The city attorney is late.
It is Wednesday, 9 a.m., at the Peck Park Community Center in San Pedro. City Atty. James Hahn is supposed to be here by now for the first of a series of public forums he is sponsoring for senior citizens around Los Angeles.
Mary Utovac is among a group of seniors sitting on a bench in the lobby, waiting. She is asked what the big issues are.
"As things come up, we discuss them," she says. "Right now we're discussing bingo. Most of the senior citizens like to play bingo. Bingo is a very important part of their lives. And travel. Travel and bingo."
Will her group discuss bingo with the city attorney?
Oh no, Utovac says, her group is not waiting for the city attorney. They are waiting to begin their monthly meeting of the harbor area Federation of Senior Citizens Clubs. Hahn's forum is in the auditorium. The federation, made up of 14 local club presidents, will meet in another part of the community center.
By the time the city attorney arrives, the federation meeting is under way. Only a dozen seniors join Hahn in the auditorium, which is set up for hundreds and seems cavernous in the absence of a crowd. The forum coordinator tries to persuade the federation group to attend, but it has its own business to tend to.
And so Hahn, who has lived in San Pedro for a year, says simply that he is happy to see the group, which he acknowledges is "small, but friendly." He remarks how nice it is to have a morning meeting so close to home. "To be able to come around the corner, as it were, to Peck Park is a real pleasure," he says.
He does not tell them the reason he is half an hour late. According to his deputy, he took a wrong turn and got lost.
So went the morning of Oct. 14 for the city attorney, one of only three public officials in Los Angeles who is elected citywide--the others being the mayor and the city controller, an office Hahn occupied before assuming his current post. In Hahn's job, constituents may be more important than court cases.
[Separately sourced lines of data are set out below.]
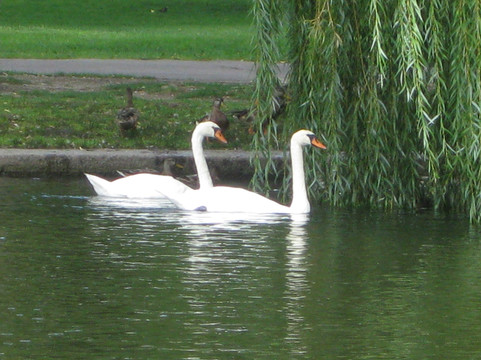Swan Boats-波士顿必去景点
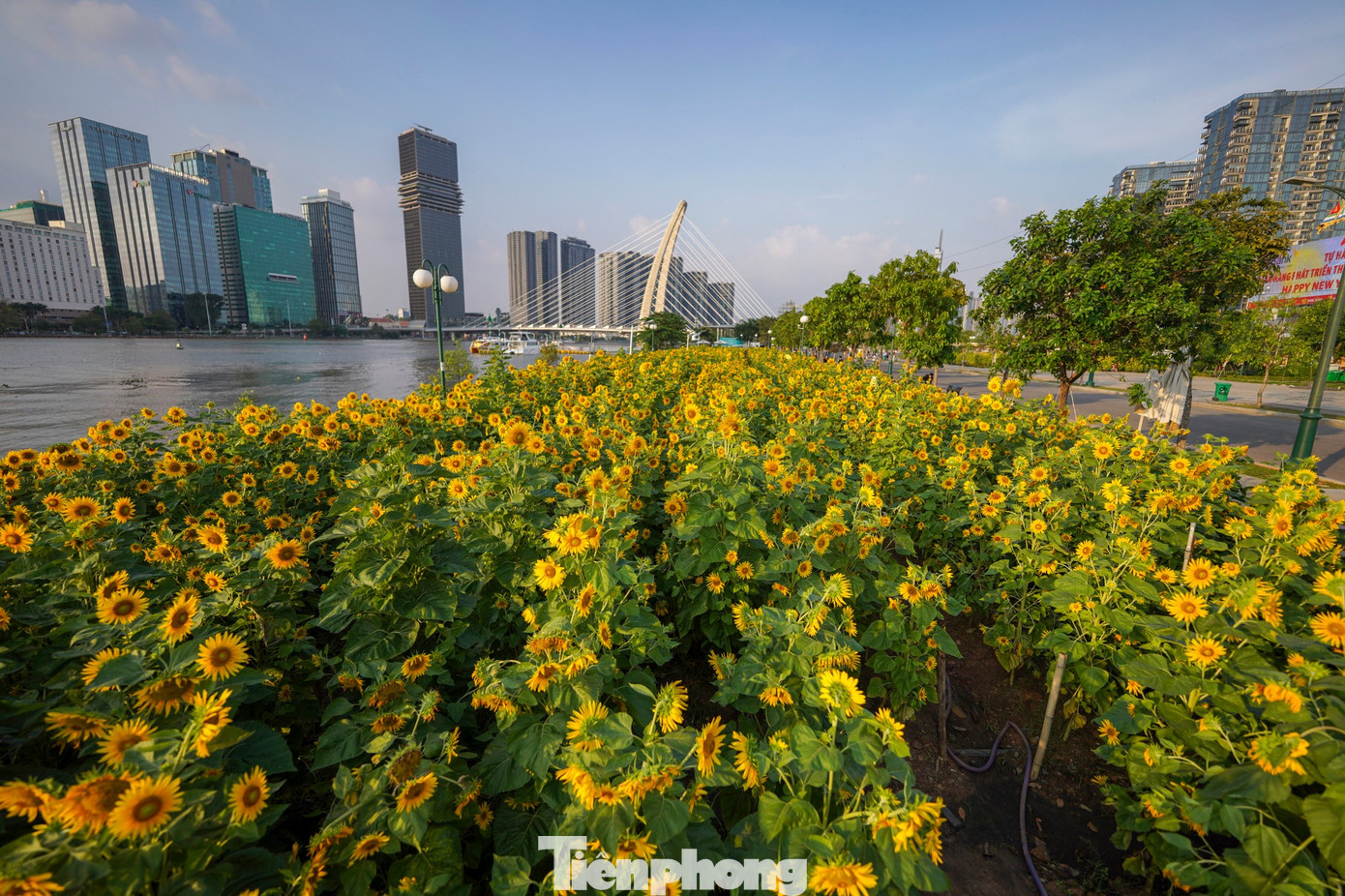 M&atilde;n nh&atilde;n vườn hướng dương ngh&igrave;n b&ocirc;ng khoe sắc b&ecirc;n bờ s&ocirc;ng S&agrave;i G&ograve;n- Ảnh 27.
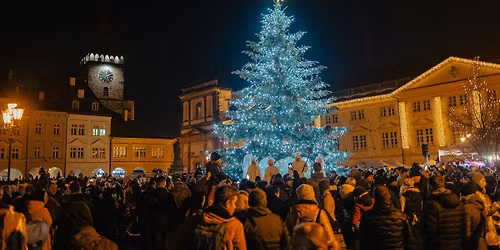 Rozsv\u00edcen\u00ed v\u00e1no\u010dn\u00edho stromu v Ji\u010d\u00edn\u011b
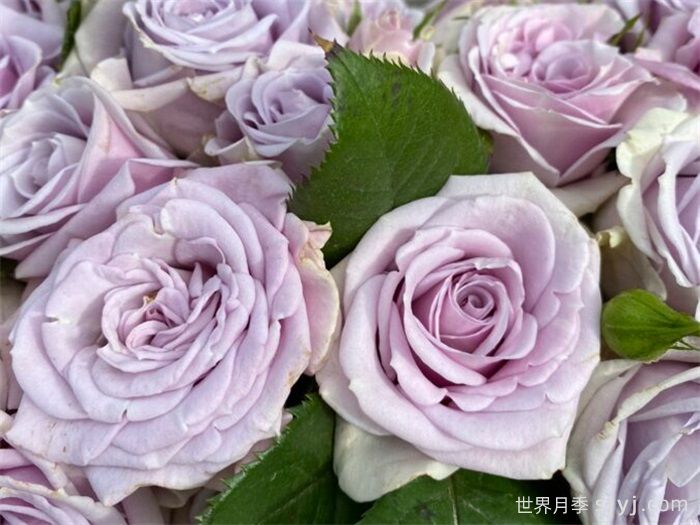 银色幻影月季Silver Shadow(荷)(图1)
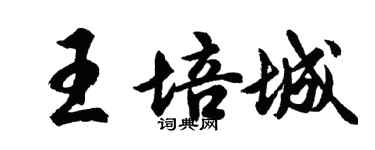 胡問遂王培城行書個性簽名怎么寫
"This is how you keep in touch with the people who elect you, the people whom you serve," said Hahn, explaining why he came.
In fact, the very next day Hahn made another public appearance in San Pedro--this one at the Port of Los Angeles, where he was host for a luncheon with economic forecaster Joel Kotkin to discuss "the future of Los Angeles as a major center in the Pacific Rim region." After the luncheon, Hahn conducted a question-and-answer session with about 40 local high school students who attended as his guests.
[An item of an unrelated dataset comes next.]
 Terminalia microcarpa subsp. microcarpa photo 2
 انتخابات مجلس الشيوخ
Why was Hahn spending so much time in the harbor area?
"Poor planning," he joked.
"It was just a matter of calendaring," said his press secretary, Ted Goldstein. "Next week, he has a heavy week in the Valley."
Indeed, according to his staff, the 37-year-old son of veteran County Supervisor Kenneth Hahn is a very busy man.
"You have to understand," said Goldstein, "that everything--and I mean everything--that passes through the City of Los Angeles passes through the city attorney's desk.
"Just this summer, the news in this office has surrounded pit bulls, traffic violence, freeway shooters, the homeless. We have had Louis Farrakhan . . . and then finally it's capped with an earthquake. All of this passed the city attorney's office and landed on the city attorney's desk. And this is not taking into consideration zoning and land use and planning decisions. . . .
"It's a very busy office and a very active one."
So how does Hahn have time to come to San Pedro to talk to senior citizens and students?
"How does he have time?" repeated Goldstein. "He makes time."
And make time he did Wednesday morning, for questions about why it takes the police so long to respond to a call, why dogcatchers don't come when the neighbor's dogs are barking, and why vagrants, finding no toilet facilities in city parks, must urinate in public.
Hahn, boyish-looking yet sophisticated in his tailored gray suit, was sympathetic. Yes, he agreed, the city needs more police officers. Don't give up on the animal control office, he said--a new law permits the city to revoke the licenses of unruly pets. And if he had his way, the city would have more park rangers and plenty of public restrooms.
The crowd--which more than doubled in size when the federation group finished its business and joined in the forum--didn't seem to care that the city attorney doesn't directly handle any of these problems. They seemed rather to adopt the philosophy of Dayle Saffell, who hoped Hahn would prevail upon other government officials to do what needs to be done--in Saffell's case, getting the Harbor City seniors a new hall.
"I don't know if it's going to do any good," she told Hahn, "but if you could put a word in to Mayor Bradley to see if they could get us a building. . . . "
The city attorney smiled, and said he would see what he could do.